- _DESCRIPTION OF THE TASK_
Retype only the lines below from the one with "4-stegs knäledsmodellplast Benmodell" to the one with "Sách Orthognathic Surgery", inclusive, skipping every image.

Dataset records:
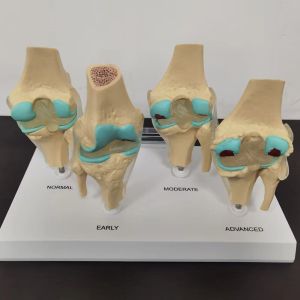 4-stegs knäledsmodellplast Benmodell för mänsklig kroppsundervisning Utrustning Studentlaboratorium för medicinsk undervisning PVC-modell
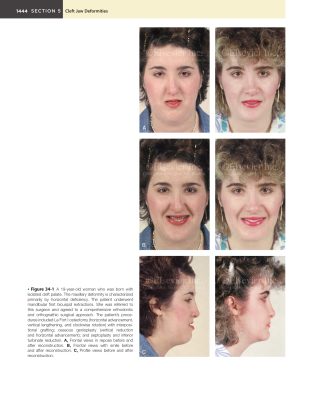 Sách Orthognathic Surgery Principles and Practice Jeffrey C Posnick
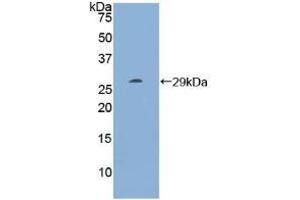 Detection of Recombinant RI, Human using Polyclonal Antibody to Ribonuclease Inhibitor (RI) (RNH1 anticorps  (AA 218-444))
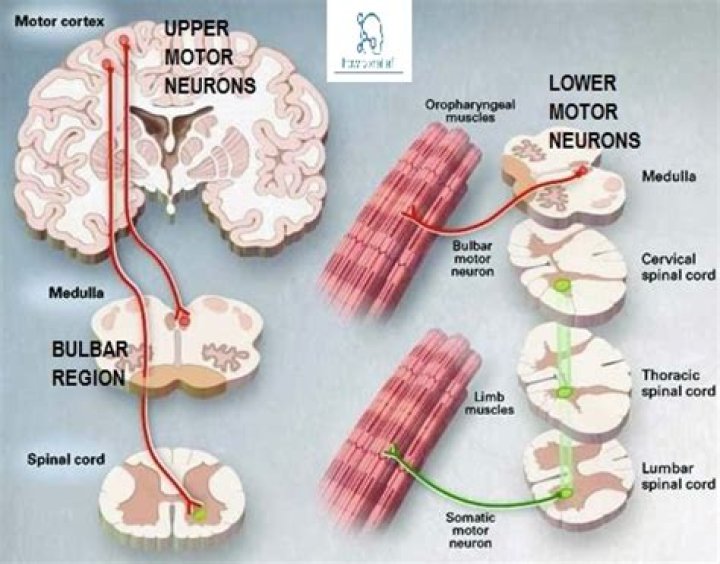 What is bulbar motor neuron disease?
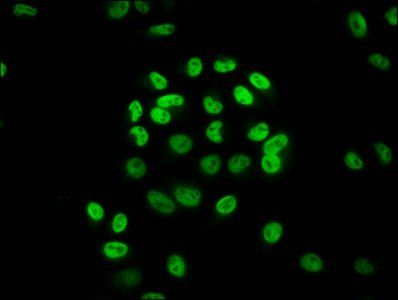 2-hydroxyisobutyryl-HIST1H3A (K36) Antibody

==

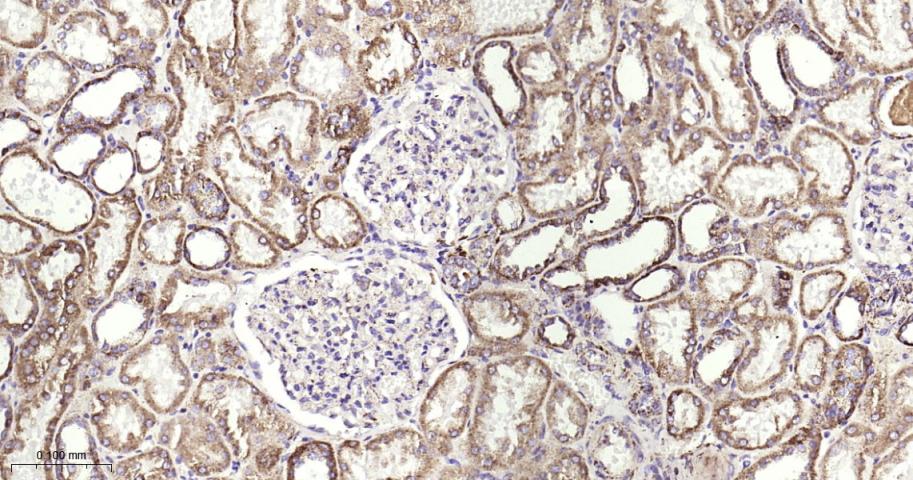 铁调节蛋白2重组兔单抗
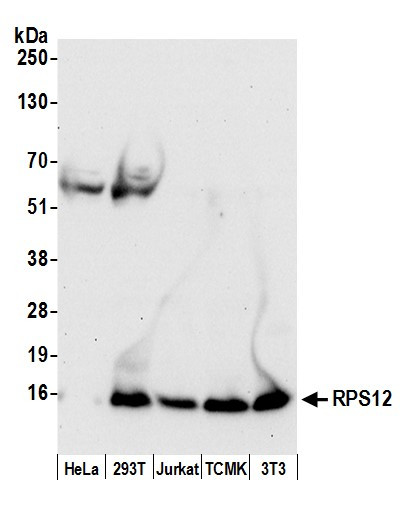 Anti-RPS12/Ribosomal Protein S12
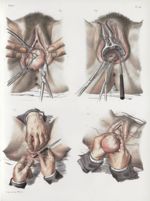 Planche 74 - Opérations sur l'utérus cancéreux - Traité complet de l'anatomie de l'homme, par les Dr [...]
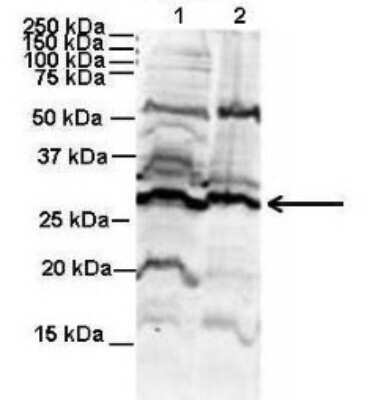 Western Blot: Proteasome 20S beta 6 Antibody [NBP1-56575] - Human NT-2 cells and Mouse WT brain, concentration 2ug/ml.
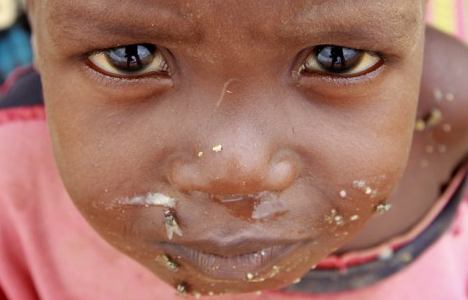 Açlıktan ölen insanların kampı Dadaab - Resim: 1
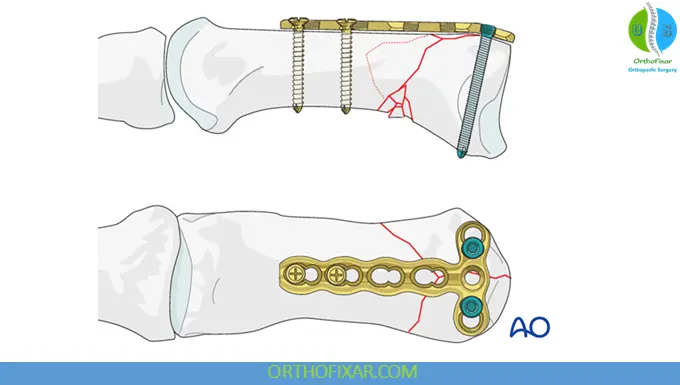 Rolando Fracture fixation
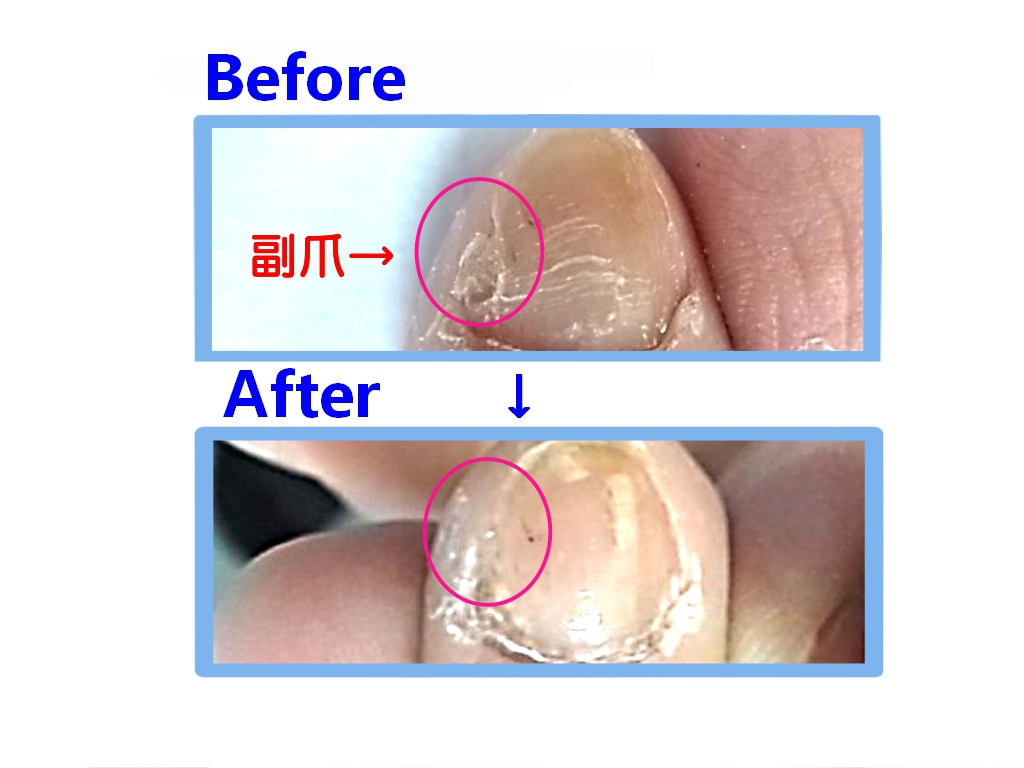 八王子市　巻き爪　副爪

- _RESPONSE_
 4-stegs knäledsmodellplast Benmodell för mänsklig kroppsundervisning Utrustning Studentlaboratorium för medicinsk undervisning PVC-modell
 Sách Orthognathic Surgery Principles and Practice Jeffrey C Posnick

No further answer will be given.